C’est l’horreur qui est dévoilée. Selon un rapport rédigé par trois anciens procureurs internationaux, le régime syrien est coupable de massacres et de tortures à grande échelle. Le document se base sur le témoignage d’un homme qui dit avoir déserté la police militaire syrienne et affirme apporter des preuves de crimes de guerre, photos à l’appui. En tout, ce sont près de 55 000 clichés montrant 11 000 cadavres qui étayent le rapport.
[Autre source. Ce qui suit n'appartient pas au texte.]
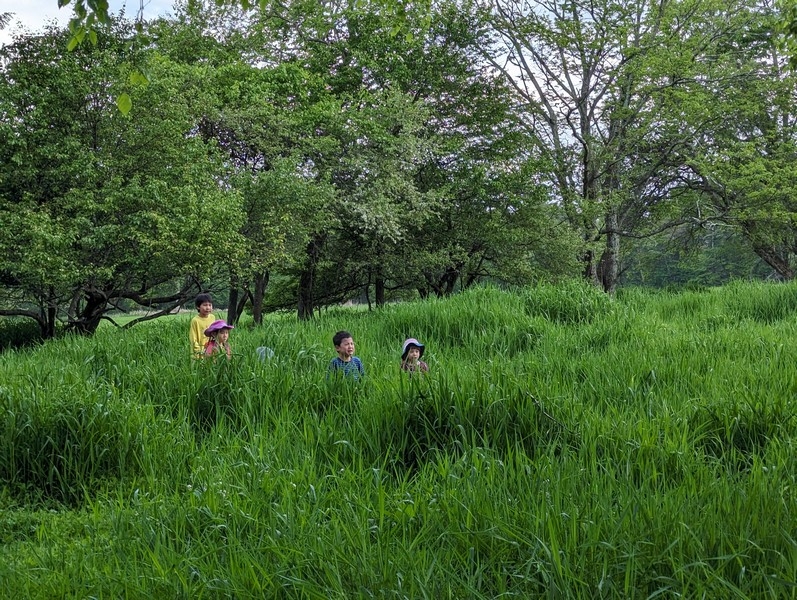 森のようちえん♪アドバンス！での活動の様子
Tous les corps apparaissent émaciés, certains n'ont plus pas d'yeux, d'autres présentent des signes de strangulation ou d'électrocution, selon le texte de 31 pages.
Commandé par le Qatar, l'un des bailleurs de fonds des rebelles syriens, ce minutieux travail de collecte et de recoupage d’informations a été rendu public lundi 20 janvier sur les sites de la chaîne américaine CNN et du quotidien britannique "The Guardian", qui ne manque pas de souligner que ces révélations surviennent deux jours avant la conférence de paix sur la Syrie dite Genève-2.
Des preuves "impressionnantes"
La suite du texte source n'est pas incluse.